Extracted material:
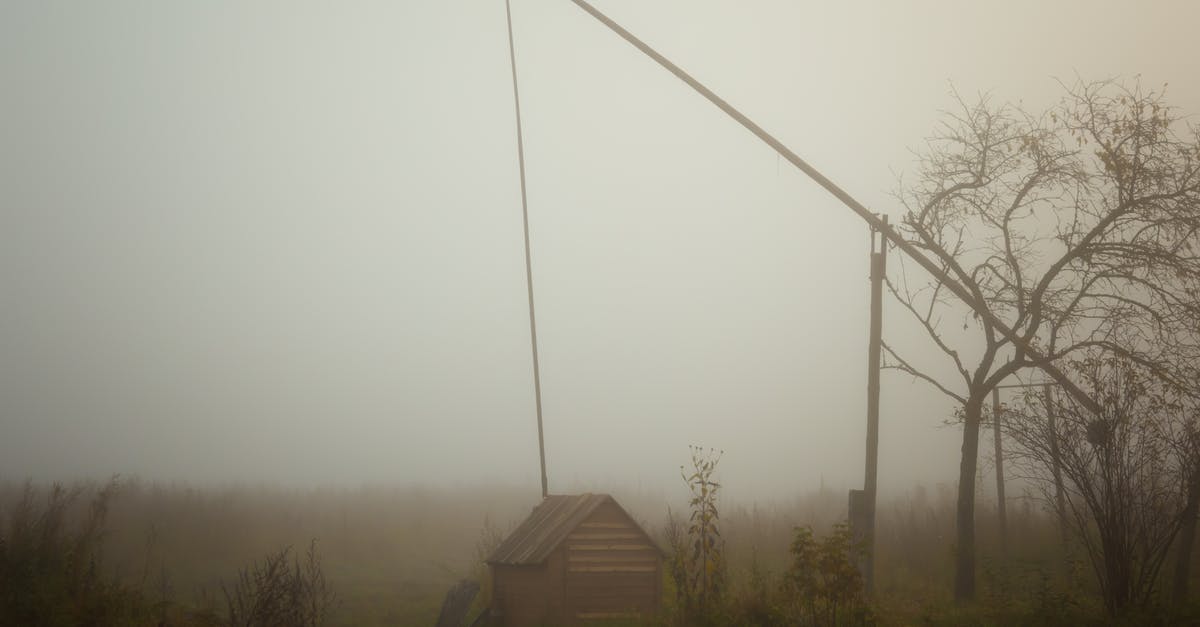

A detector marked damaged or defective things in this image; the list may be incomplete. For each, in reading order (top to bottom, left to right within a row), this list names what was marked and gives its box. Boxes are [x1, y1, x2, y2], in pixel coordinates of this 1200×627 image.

rusty metal roof [482, 494, 660, 568]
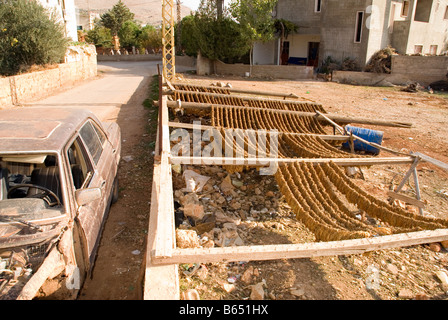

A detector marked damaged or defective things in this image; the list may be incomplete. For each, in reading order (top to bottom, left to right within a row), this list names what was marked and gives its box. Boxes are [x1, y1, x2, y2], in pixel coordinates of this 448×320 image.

rusty car [0, 107, 121, 300]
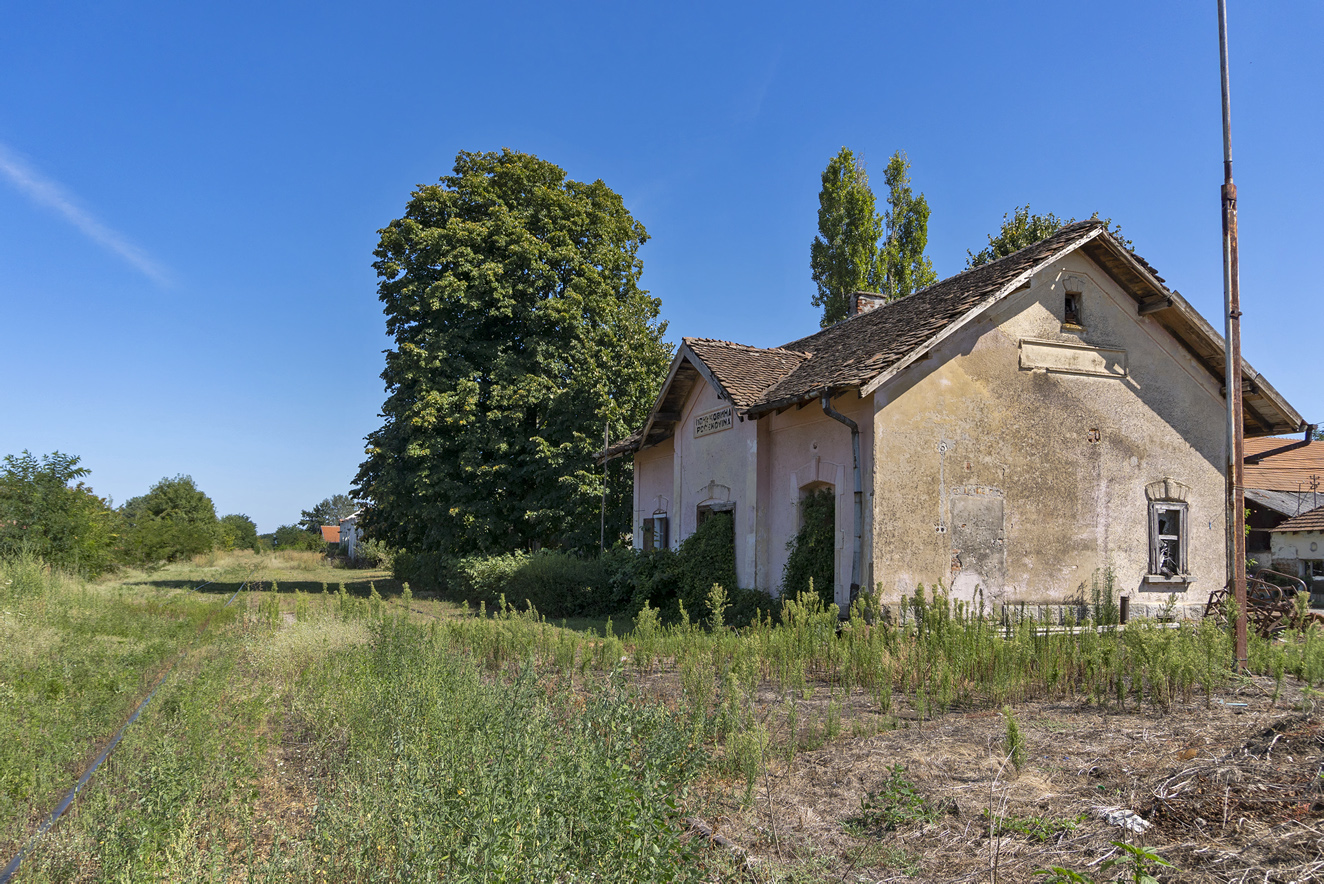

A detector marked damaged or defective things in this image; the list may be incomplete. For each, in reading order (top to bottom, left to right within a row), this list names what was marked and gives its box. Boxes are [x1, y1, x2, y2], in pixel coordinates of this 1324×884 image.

rusty metal pole [1216, 0, 1248, 668]
broken window [644, 512, 668, 552]
rusty drainpipe [824, 394, 868, 616]
broken window [1152, 500, 1192, 576]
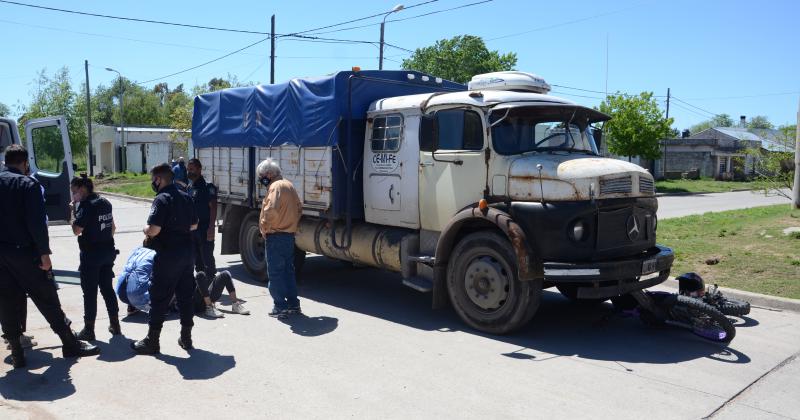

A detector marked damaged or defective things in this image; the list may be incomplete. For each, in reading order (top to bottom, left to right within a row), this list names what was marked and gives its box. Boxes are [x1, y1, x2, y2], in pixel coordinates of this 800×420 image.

rusty truck fender [432, 206, 544, 308]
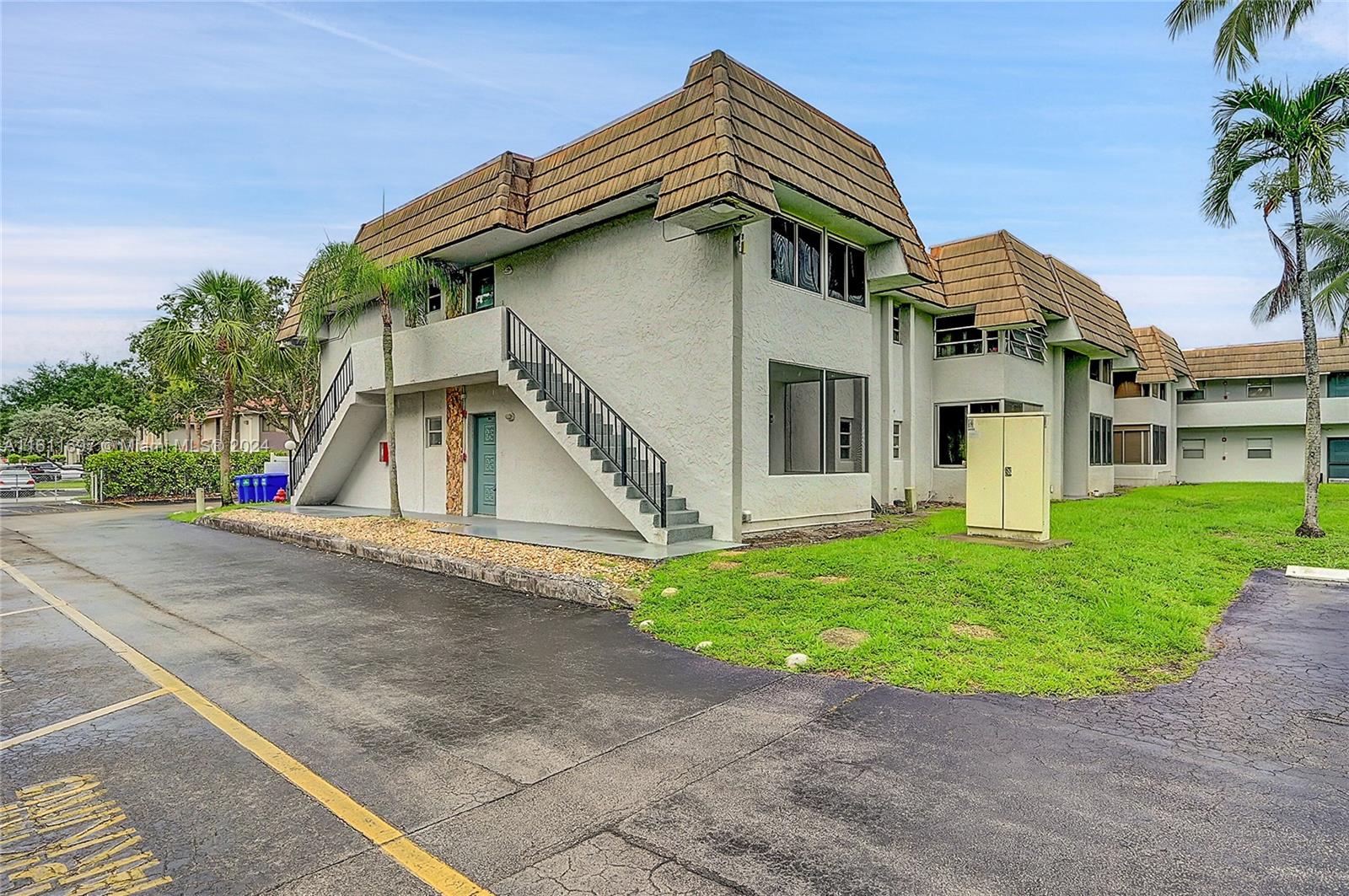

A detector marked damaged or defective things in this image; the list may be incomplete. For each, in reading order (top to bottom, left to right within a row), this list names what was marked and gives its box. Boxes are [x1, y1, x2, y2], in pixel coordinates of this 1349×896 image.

Your assignment:
Transcribe every line of the records exactly. Pictures do not belong in the copy.

Solution:
A detector marked damaged or defective things in this image; the list may be incomplete. For each, in reading order (top to bottom, left to right within a row), this list names what was marked and gives its box. Boxes are [x1, y1, x2, y2], in pixel coordinates of this 1200×627 image.

rusty metal roof [482, 494, 660, 568]

A detector marked damaged or defective things in this image; the list may be incomplete. For each, in reading order (top to bottom, left to right within a row), this list names what was marked and gives its box. Boxes are [x1, y1, x2, y2], in pixel coordinates of this 448×320 image.

rusty car [0, 107, 121, 300]

A detector marked damaged or defective things in this image; the list may be incomplete. For each, in reading order (top to bottom, left to right within a row), this list names what was marked and gives its box. Boxes are [x1, y1, x2, y2], in pixel coordinates of this 1324×884 image.

rusty metal pole [1216, 0, 1248, 668]
broken window [644, 512, 668, 552]
rusty drainpipe [824, 394, 868, 616]
broken window [1152, 500, 1192, 576]

A detector marked damaged or defective things in this image; the list may be incomplete. For each, in reading order (top to bottom, left to right within a row), this list names what was marked and gives its box. Boxes are [x1, y1, x2, y2], in pixel coordinates of this 800×420 image.

rusty truck fender [432, 206, 544, 308]

A detector marked damaged or defective things in this image; the list may be incomplete. For each, in reading order (top to bottom, left to right within a row), this list names what was marked and gives its box. Boxes are [x1, y1, x2, y2], in pixel coordinates of this 1349×896 image.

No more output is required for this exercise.